Not really, I don't use the divisions for more than depth of cut. I just set up a dial gauge if I have to but usually just am cutting to a line or center point.

If it is important, you can get the Micromark version with inch divisions or get the kit to swap out for inch or metric.


----------



## TIGL (Mar 19, 2014)

David Kirtley said:


> Not really, I don't use the divisions for more than depth of cut. I just set up a dial gauge if I have to but usually just am cutting to a line or center point.
> 
> If it is important, you can get the Micromark version with inch divisions or get the kit to swap out for inch or metric.



Nah, I don't expect them to bother me, I just wanted to get someone else's first hand experience because it's a sort of unusual feature. It's a shame DROs are so expensive, I was spoiled by the bridgeport i learned on at school


----------



## hman (Mar 19, 2014)

TIGL said:


> It's a shame DROs are so expensive, I was spoiled by the bridgeport i learned on at school



First off, hello from a fellow chemist (BS & MA, almost PhD) turned machinist/engineer/tinkerer!


Secondly, for a DRO you might want to check out http://www.hobby-machinist.com/showthread.php?t=21478&highlight=davidh

Davidh sells low cost iGaging DROs, which are not that hard to mount and have pretty good accuracy.  I bought some for my lathe, and have been very satisfied.  You can get X and Y for under $100, plus some of your time and some inexpensive materials to mount them.

See also http://www.hobby-machinist.com/showthread.php?t=10343 for one way to mount these on the mini-mill.


Thirdly, I have an HF mini-mill, and it's just fine to use, but does have some limitations I've run into from time to time.  Chief among them is the distance between the column and the centerline of the spindle.  At very best, I'm limited to about 5 3/4" from spindle centerline to workpiece edge.  The LMS may be slightly larger than my HF, but be sure to check their dimensions! This limits how far "into" a workpiece you can go.  You'll never get to the center of an 18" square workpiece with a mini, though your shorter slots might be do-able. 

In addition, large workpieces require lots of relocation on that small a table, and you have to go through the (slightly laborious) alignment every time you move it. 

Much as I love LMS and their products, of the two mills you're looking at, the G0704 is definitely more suitable for this project. 

Best wishes!


----------



## kd4gij (Mar 19, 2014)

If you wan't a dro the grizzly G0759 Is the G0704 with a 3 axes dro and only $500.00 MORE. i HAVE THE g0704 AND BEEN REAL HAPPY with it. Only wish Thay had the G0759 when I bought it.


----------



## Ray C (Mar 19, 2014)

To some extent, the issue of the spindle only servicing the front part of the table can be remedied by using a proper size and style vise.  A vise too large (which is a common mistake) puts the jaws in an awkward location.  Some vises have center-location fixed jaws and some have rear-location fixed jaws.  In some cases, the issue has more to do with the bolt-hole positioning and in such cases, an adapter can mitigate the issues.


Ray 





hman said:


> First off, hello from a fellow chemist (BS & MA, almost PhD) turned machinist/engineer/tinkerer!
> 
> 
> Secondly, for a DRO you might want to check out http://www.hobby-machinist.com/showthread.php?t=21478&highlight=davidh
> ...


----------



## SENC (Mar 19, 2014)

@wrmiller19 has both (actually the precision matthews version of the g0704), so hopefully he'll be along and can help you... but judging from his comments he has found the PM25 to be of higher quality than the LMS


----------



## wrmiller (Mar 19, 2014)

Yes I have both, and like both machines for similar and different reasons.

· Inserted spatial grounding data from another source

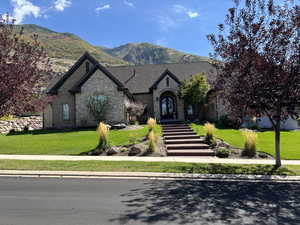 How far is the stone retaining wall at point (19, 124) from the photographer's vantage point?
22.7 metres

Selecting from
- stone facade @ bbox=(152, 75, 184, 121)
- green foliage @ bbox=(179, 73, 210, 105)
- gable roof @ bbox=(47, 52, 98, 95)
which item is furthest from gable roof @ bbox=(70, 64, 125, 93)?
green foliage @ bbox=(179, 73, 210, 105)

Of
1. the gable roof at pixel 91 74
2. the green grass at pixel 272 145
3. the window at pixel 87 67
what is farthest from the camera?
the window at pixel 87 67

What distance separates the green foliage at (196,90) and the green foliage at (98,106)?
26.1 ft

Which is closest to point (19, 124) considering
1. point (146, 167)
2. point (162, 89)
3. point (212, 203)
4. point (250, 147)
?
point (162, 89)

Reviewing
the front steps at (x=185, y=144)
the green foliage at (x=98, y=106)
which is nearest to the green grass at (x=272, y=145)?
the front steps at (x=185, y=144)

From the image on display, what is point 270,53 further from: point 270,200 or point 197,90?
point 197,90

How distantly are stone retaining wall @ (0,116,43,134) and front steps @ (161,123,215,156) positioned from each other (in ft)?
50.1

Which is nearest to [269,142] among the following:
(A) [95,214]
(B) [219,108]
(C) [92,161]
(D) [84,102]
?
(B) [219,108]

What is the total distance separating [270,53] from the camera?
8141mm

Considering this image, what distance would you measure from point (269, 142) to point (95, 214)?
13309mm

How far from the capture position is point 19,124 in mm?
24922

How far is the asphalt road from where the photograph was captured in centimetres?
475

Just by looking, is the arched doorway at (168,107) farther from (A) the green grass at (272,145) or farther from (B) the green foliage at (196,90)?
(A) the green grass at (272,145)

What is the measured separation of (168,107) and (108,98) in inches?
324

The LMS is just as accurate as the G0704 if you use it as it was intended/within its designed to work envelope (I have the PM25 which is the G0704 with different paint, motor and controller). I consider the LMS one of the best, if not THE best mini-mill. Better motor, larger table, belt drive head, inch leadscrews, and EXCELLENT customer service from LMS. The 20 tpi leadscrews allow easier positional repeatability than the courser ones on the Griz. I have 3-axis glass scale dros on both machines and find it very easy to repeat position on the LMS to a couple tenths (observed on the DRO, verified on a dial indicator). The larger mill will as well, but a more delicate touch on the handwheels is needed.

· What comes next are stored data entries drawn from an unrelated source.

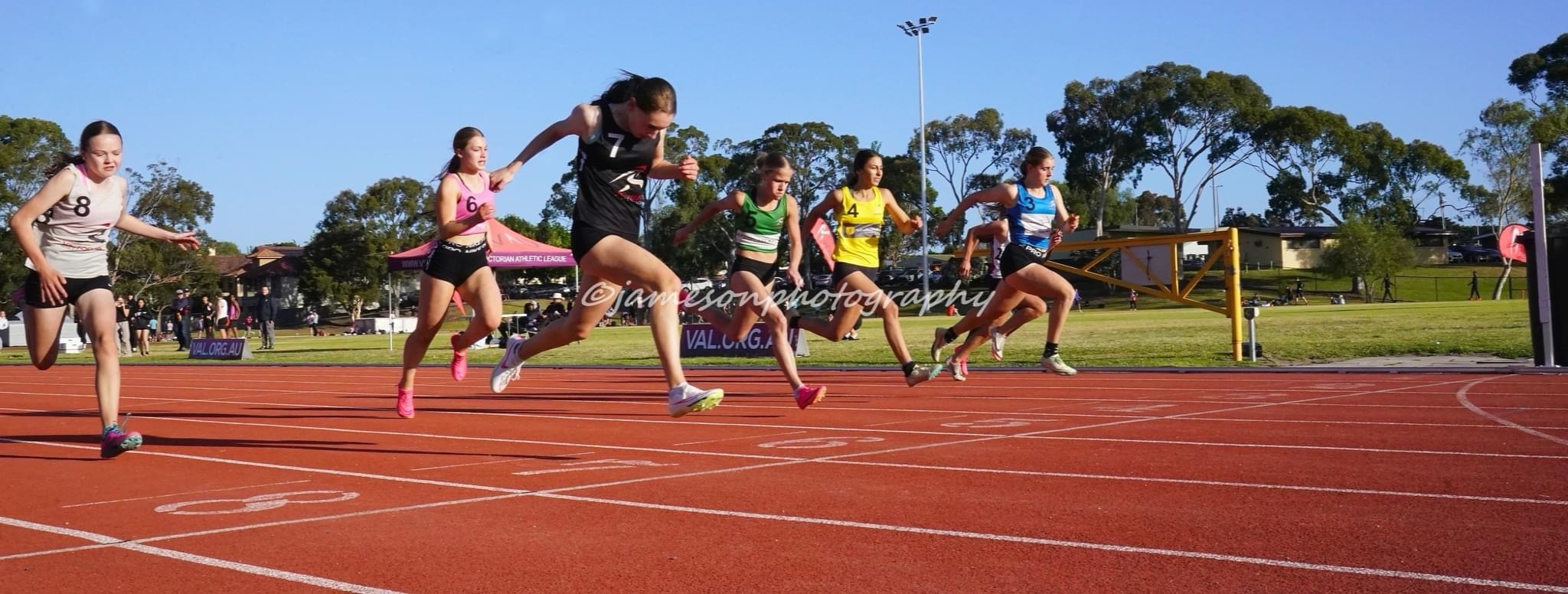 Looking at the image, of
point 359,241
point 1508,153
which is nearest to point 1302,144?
point 1508,153

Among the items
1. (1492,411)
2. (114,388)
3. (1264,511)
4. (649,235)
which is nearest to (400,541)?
(1264,511)

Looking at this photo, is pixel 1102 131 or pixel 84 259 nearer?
pixel 84 259

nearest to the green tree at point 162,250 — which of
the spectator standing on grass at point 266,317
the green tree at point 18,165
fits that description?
the green tree at point 18,165

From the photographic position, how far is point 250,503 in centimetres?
519

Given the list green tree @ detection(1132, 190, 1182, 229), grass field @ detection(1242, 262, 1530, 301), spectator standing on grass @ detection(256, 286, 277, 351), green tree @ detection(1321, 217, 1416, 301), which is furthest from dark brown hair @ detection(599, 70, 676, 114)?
green tree @ detection(1132, 190, 1182, 229)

I never used any end mill larger than a 3/8" rougher on the LMS because frankly, it doesn't have the mass/rigidity to handle anything larger without complaining loudly. I mostly used 1/4" end mills for aluminum, smaller for hardened steel like 1911 slides, titanium, and some of the more difficult stainless steels.

For small delicate work I give the nod to the LMS. Oh, and I highly recommend the air spring conversion from LMS if you get this mill. Positional repeatability increases dramatically on the z-axis with this mod. It also gives a bit more z-axis range. Always a good thing. 

For larger cuts on larger work pieces and using larger end mills up to 1/2" I use the PM. I think of it as the LMS' bigger brother. More mass, more rigidity, more HP, larger table, etc., etc.. But it too must be used within it's designed work envelope. You try taking a full-width pass at a DOC of .5" with a 1" end mill in 4140 on this machine and you will likely at the very least shear the teeth off the plastic/nylon intermediate gear, or at the worst possibly damage your machine or tooling. I have milled everything from aluminum and iron to stainless and hardened steel and have yet to break the intermediate gear. But...I use small(er) cutters and modest cuts. This isn't a BP or Cinci. You need to take it easy and the machine will perform well and accurately.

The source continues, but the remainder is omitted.